South Korea's foreign-exchange reserves dropped in each of the last six months, sliding $24.6 billion to $239.7 billion as policy makers intervened to stem the won's slide. Central banks buy or sell overseas currencies to influence exchange rates.

The nation has been building up its currency reserves since the Asian financial crisis led to the won halving in value in 1997. The government secured a $57 billion loan from the International Monetary Fund at the time to help repay overseas debt.

South Korea plans to sell as much as $5 billion in foreign- currency stabilization bonds next year, a finance ministry official, who declined to be named, said in a phone interview today.

The government will sell the global bonds to provide a benchmark yield for other Korean debt and increase its foreign- currency reserves, Yonhap News reported earlier today.

Recession Concern

The Singapore dollar fell to near a one-year low against the U.S. dollar on concern a global recession will undermine growth in the island's economy.

``Fears about a global recession are pushing the Singapore dollar lower,'' said Norifumi Yoshida, vice president of the trading section at Mizuho Corporate Bank Ltd. in Singapore. ``The trend for selling Asian currencies may persist for a while.''

A government report last week showed Singapore fell into the first recession since 2002, spurring the central bank to stop a policy of favoring gains in the currency, in order to support the economy.

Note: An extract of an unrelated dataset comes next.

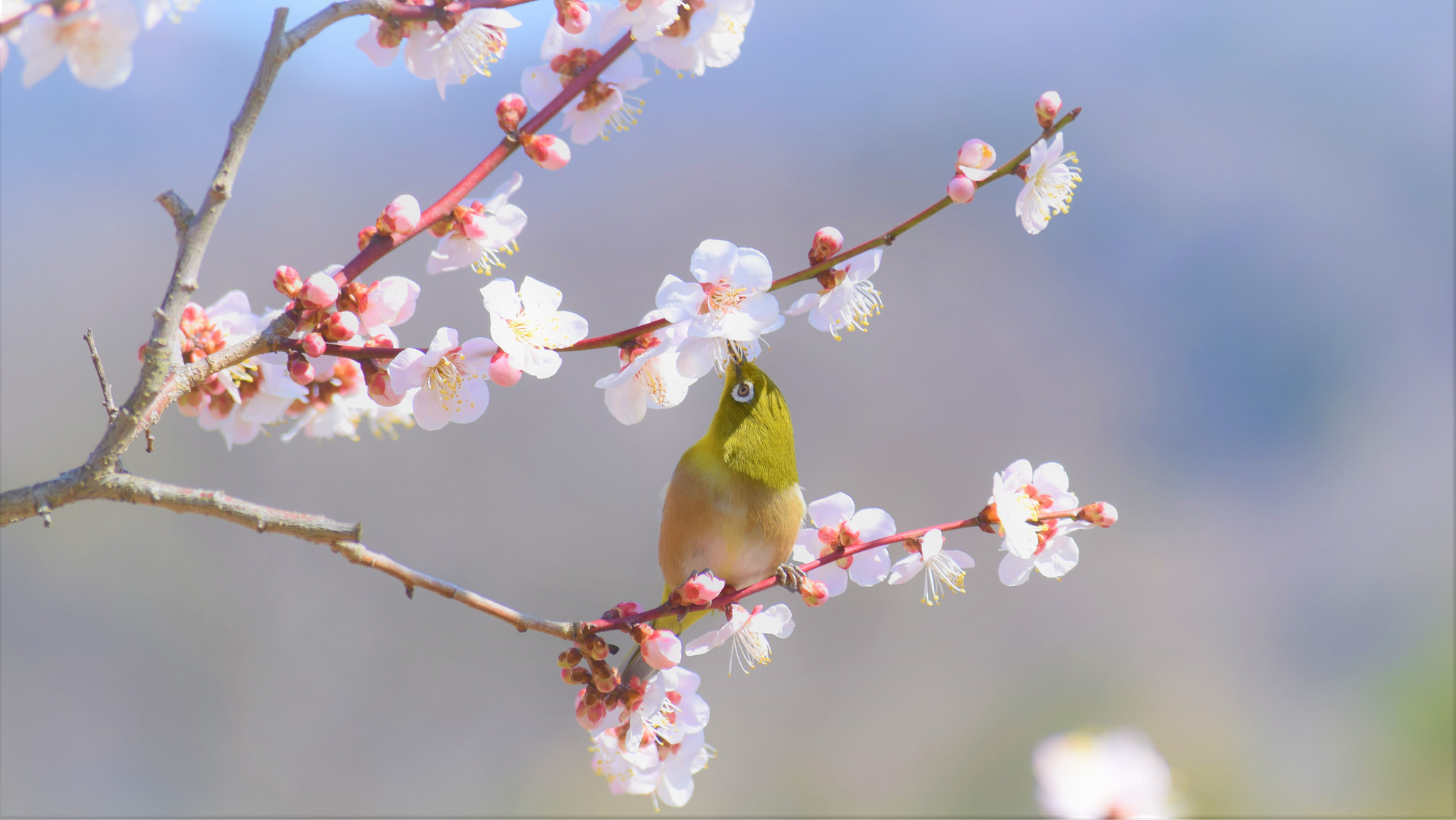 Nikon D5300 + Nikon AF-S DX Nikkor 55-200mm F4-5.6G VR II sample photo. It is spring perfect pairs, japanese apricot with japanese white-eye photography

The Monetary Authority of Singapore, which relies on the currency rather than interest rates as its policy tool, said on Oct. 10 it's shifting to a ``zero-percent appreciation'' stance.

Worker Remittances

The Philippine peso fell to an 18-month low on concern the U.S.-led global economic slowdown will reduce the country's exports and remittances from overseas nationals. The Philippine benchmark stock index fell 4.7 percent.

``Electronics exports and overseas worker remittances may be in danger,'' said Roland Avante, treasurer at Chinatrust (Philippines) Commercial Bank in Manila. ``There are a lot of clients shifting to dollars. At the end of the day it's still the currency that makes the world go round.''

The currency declined as low as 48.075, the weakest since April last year, before trading at 48.04 in Manila, according to Tullett Prebon Plc.

The U.S. is the Philippines' biggest export market and source of remittances from overseas workers. Exports make up about a third of the economy.

``If the economy worsens, exports will be bad, unemployment will rise,'' Avante said. ``Where will the peso draw its strength from?''

Elsewhere, the Malaysian ringgit dropped 0.3 percent to 3.5225 and the Thai baht fell 0.4 percent to 34.27. Taiwan's dollar weakened 0.4 percent to NT$32.54. The Indonesian rupiah slipped 0.4 percent to 9,825 and Vietnam's dong was unchanged at 16,595.